Yenice, yemek çeklerinin, kente katkı koyan insanların yıllardır süre gelen sorunlarından olduğunu savunarak, sözlerini şöyle sürdürdü: 

"Yemek çekleriyle ilgili uzun zamandır federasyon yönetim kurulu olarak yapmış olduğumuz çalışmaların son neticesine gelmiş bulunmaktayız. Lokantacılık sektörü, 1990'lı yılların sonunda 6111 sayılı Vergi Usul Kanununa göre sadece yiyecek içecek sektöründe kullanılması gereken yemek çekleriyle tanıştı. Öncelikle sektörümüz için bir can simidi gibi gözüken ve sektörümüze katkı koyan bu yemek çeklerinin zaman içinde adeta cebimizde eli olan bir düzene dönüştüğünü gördük. 7 ile 12 arasında değişen komisyon oranları ciddi anlamdaki depozitoları, sigorta bedelleri, kargo bedelleri ve data bedeli adı altında adeta yüzde 20'lere varan ciddi bir ekonomik kayba neden olmamıza sebep olmaya başladı."

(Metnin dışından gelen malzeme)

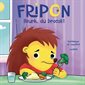 Beurk, du brocoli ! : Fripon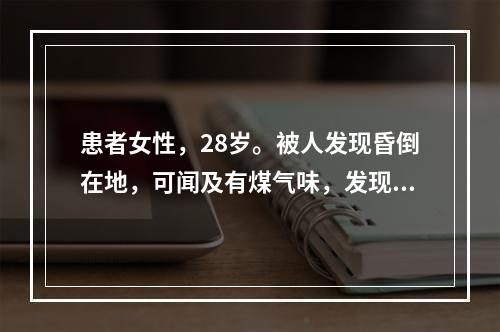 患者女性，28岁。被人发现昏倒在地，可闻及有煤气味，发现者考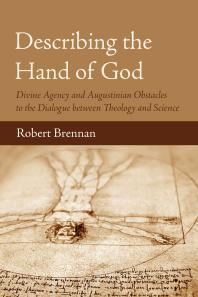 Describing The Hand Of God Divine Agency And Augustinian Obstacles To The Dialogue Between Theology And Science Robert Brennan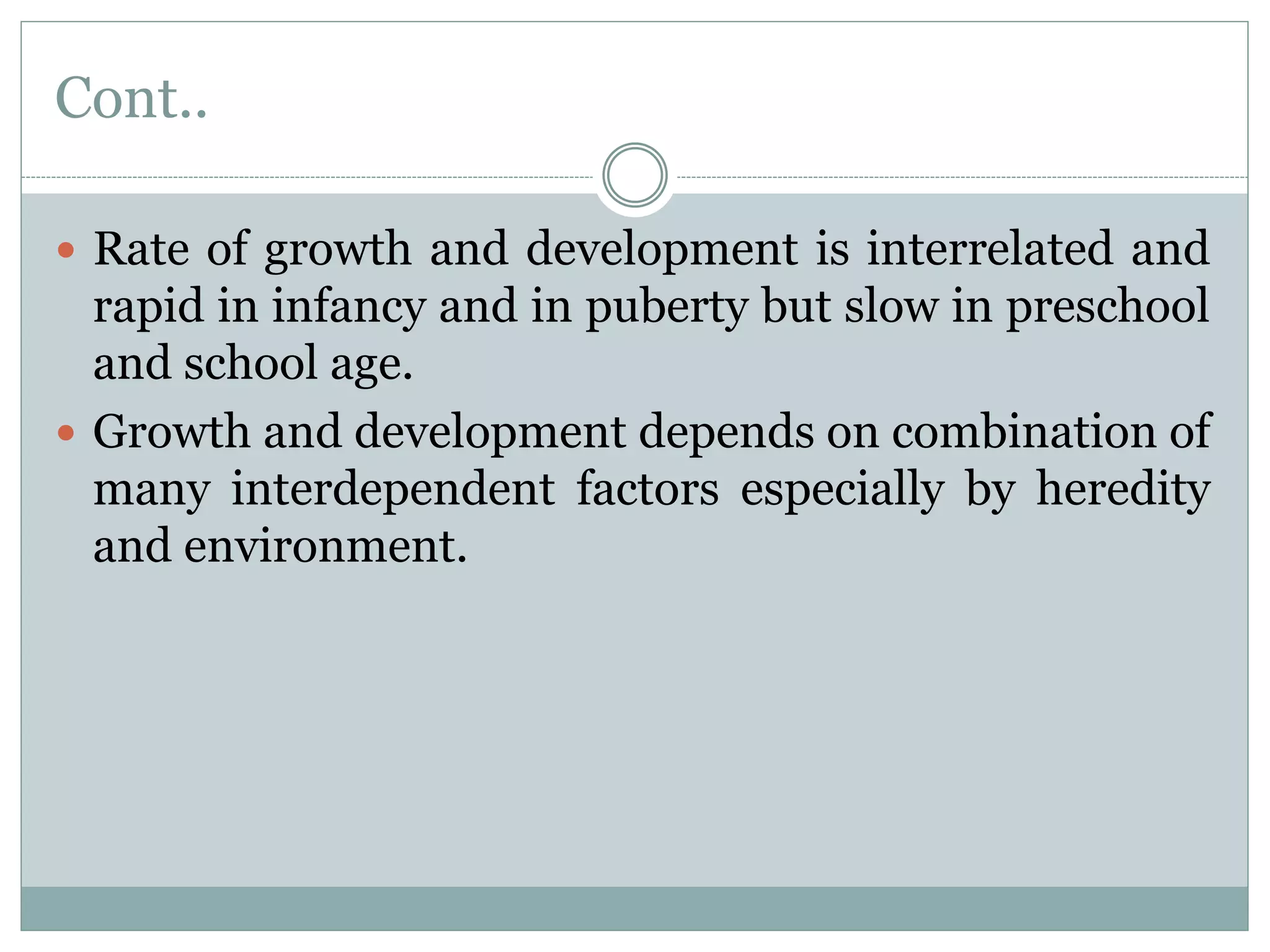 Cont..
 Rate of growth and development is interrelated and
rapid in infancy and in puberty but slow in preschool
and school age.
 Growth and development depends on combination of
many interdependent factors especially by heredity
and environment.
 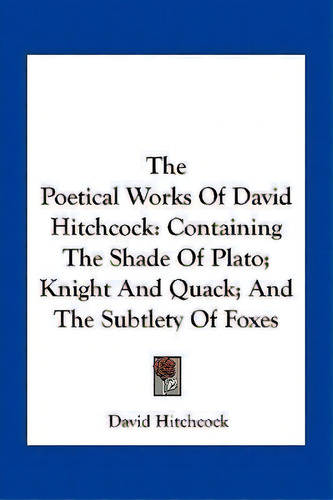 The Poetical Works Of David Hitchcock : Containing The Shade Of Plato; Knight And Quack; And The ..., De David Hitchcock. Editorial Kessinger Publishing, Tapa Blanda En Inglés
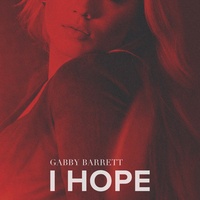 I Hope created by Gabby Barrett | Popular songs on TikTok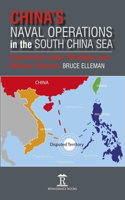 China's Naval Operations in the South China Sea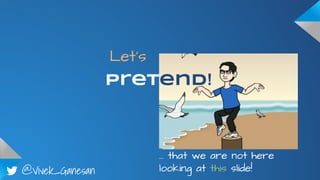 @Vivek_Ganesan
Let’s
Pretend!
… that we are not here
looking at this slide!
 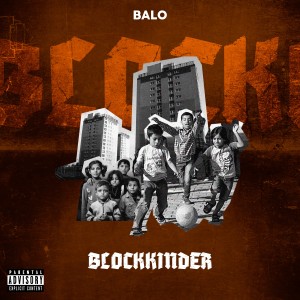 Listen to Blockkinder (Explicit) song with lyrics from Balo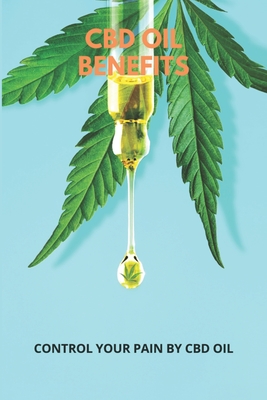 CBD Oil: Benefits, Side Effects, Dosage, and Interactions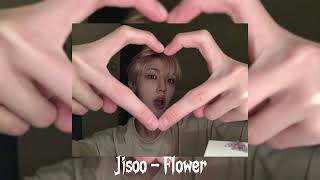 Jisoo - Flower (sped up)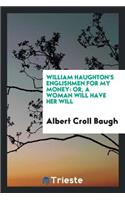 William Haughton's Englishmen for My Money: Or, a Woman Will Have Her Will: Or, a Woman Will Have Her Will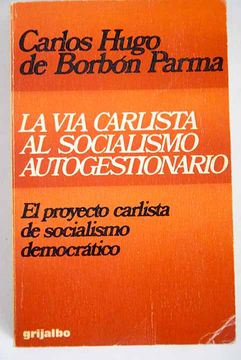 Libro La via carlista al socialismo autogestionario: el proyecto ...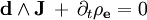  \bold{d} \wedge \bold{J}\, + \, \partial_t \mathbf{\rho_e} = 0 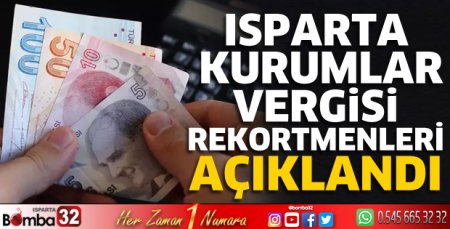 Isparta kurumlar vergisi rekortmeni listesi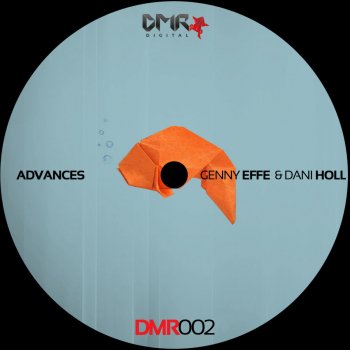 Dani Holl & Genny Effe Advances - Original Mix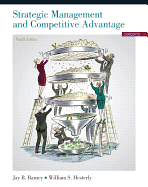 Strategic Management and Competitive Advantage: Concepts: United States Edition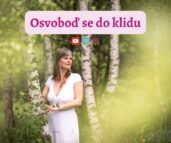 Osvoboď se do klidu - prožij emoční a mentální svobodu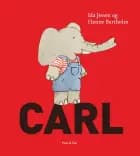 Carl af Ida Jessen og Hanne Bartholin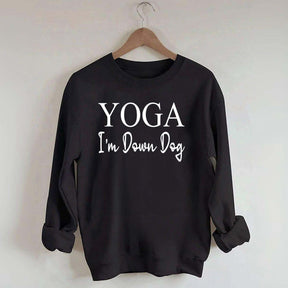 Yoga I'm Down Dog Sweatshirt
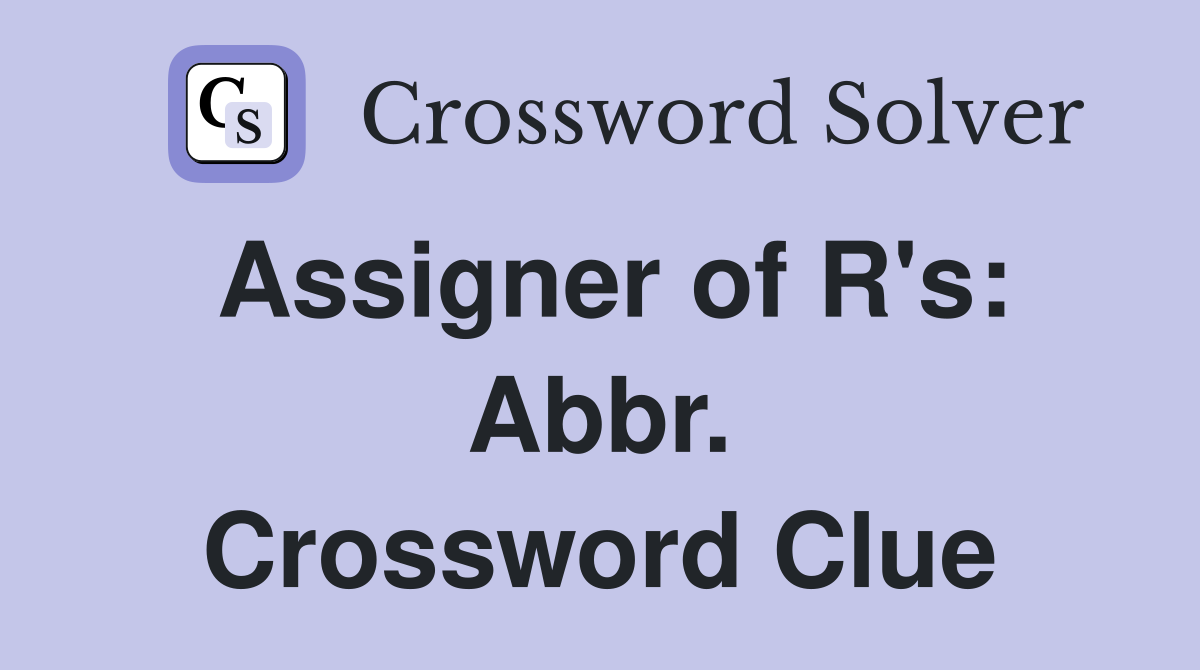 Assigner of R's: Abbr. Crossword Clue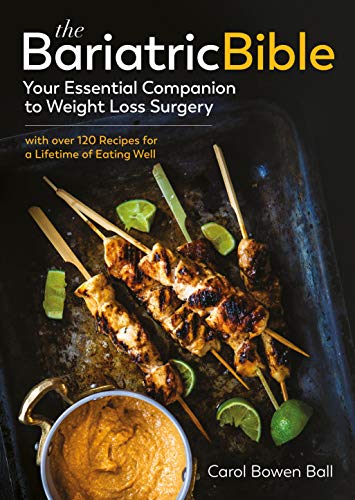The Bariatric Bible: Your Essential Companion to Weight Loss Surgery - with Over 120 Recipes for a Lifetime of Eating Well: Your Essential Companion to ... 120 Recipes for a Lifetime of Eating Well (Kindle Edition)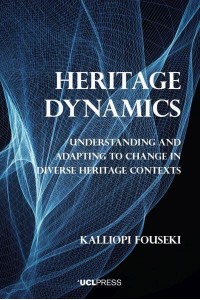 Heritage Dynamics Understanding and Adapting to Change in Diverse Heritage Contexts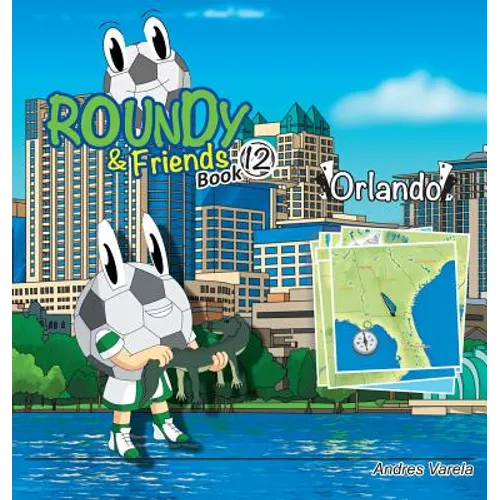 Roundy and Friends - Orlando: Soccertowns Book 12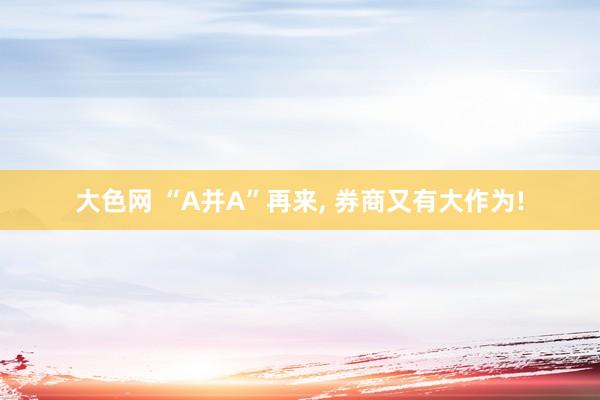 大色网 “A并A”再来， 券商又有大作为!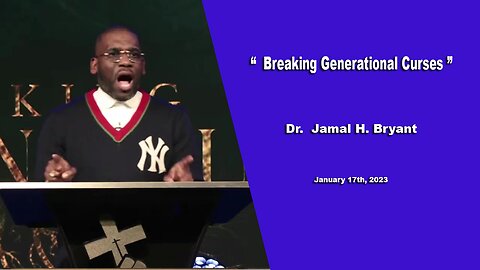Dr. Jamal H. Bryant, Blessings of the Bloodline - breaking generational Curses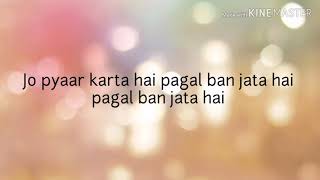 Download lagu Jo Pyaar Karta Hai (lyric) mp3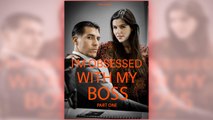 I'm Obsessed With My Boss  - Part One full short drama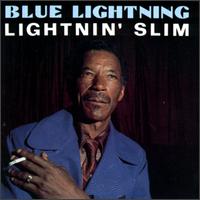 Lightnin' Slim - Blue Lightning lyrics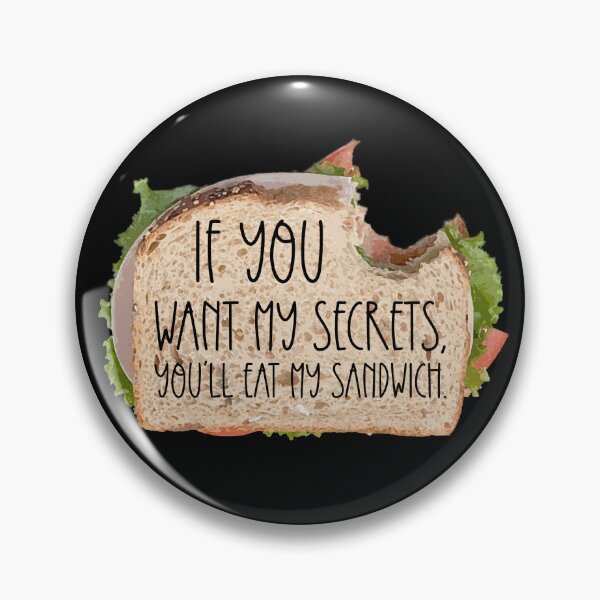 Item preview, If You Want My Secrets, You'll Eat My Sandwich designed and sold by kryten4k.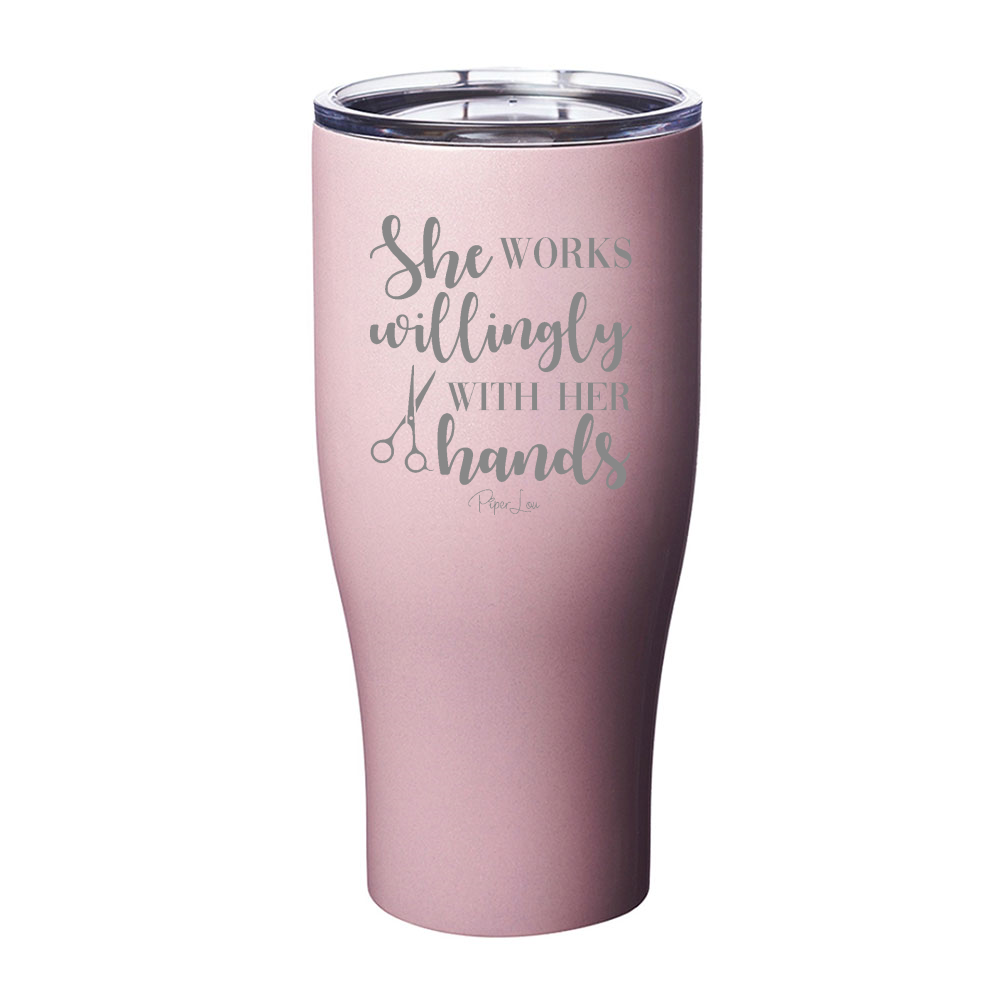 She Works Willingly With Her Hands Hair Dresser Laser Etched Tumbler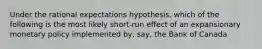 Under the rational expectations hypothesis, which of the following is the most likely short-run effect of an expansionary monetary policy implemented by, say, the Bank of Canada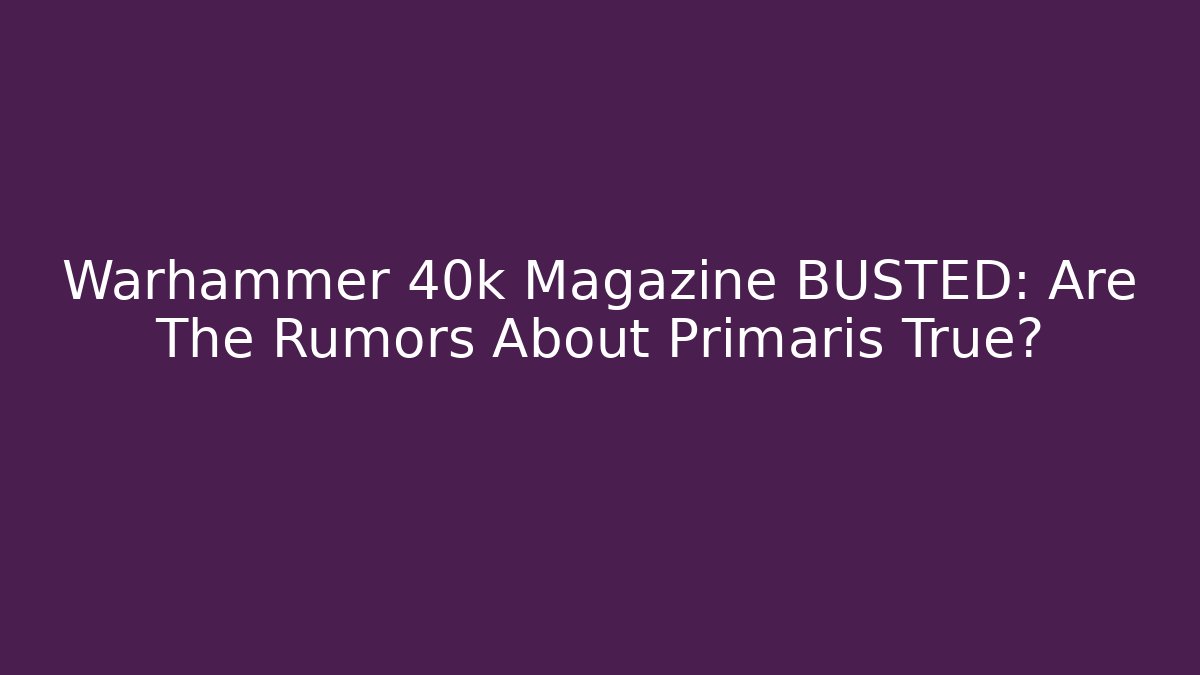 Warhammer 40k Magazine BUSTED: Are The Rumors About Primaris True?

"Yerli ve milli kart için çok çalıştık"

Sistemin bir kere hayata girdiğini ifade eden Yenice, "Sistem bizi rahatsız etmeye başladı. Bugün ülkede 2,5 milyar dolarlık bir işlem hacminin, tamamen yabancı sermayede organize edilmiş dört büyük firma tarafından kullanılmasının, ülkem adına da ciddi anlamda ekonomik kayıp olduğunu düşünüyorum. Dolayısıyla buna karşı yapmamız gereken sektörün temsilcileri olarak bir duruş sergilemek ve kendine has tamamen milli ve yerli adı altında organize edebileceğimiz yerli kartımızı yaratmaktı" dedi.

Yenice, yerli ve milli kart için çok çalıştıklarına işaret ederek, "Çok çalıştık, mücadele ettik ve ciddi anlamda kamu kurum, kuruluş ve bankalarla görüştük. Karşımıza hep duvarlar çıktı ama yılmadık. Yemeknet firması ile bu yola koyulduk. Yatırımcısı ve kuruluşu tamamen yerli ve milli olan bu kartımızı bugünden itibaren Türkiye'nin her tarafında faaliyete geçirme noktasına geldik. Türkiye'nin çeşitli bölgelerinde tanıtım toplantılarıyla Gustokart'ı hem kamuoyuna hem de esnafımıza anlatmaya başladık" ifadelerini kullandı.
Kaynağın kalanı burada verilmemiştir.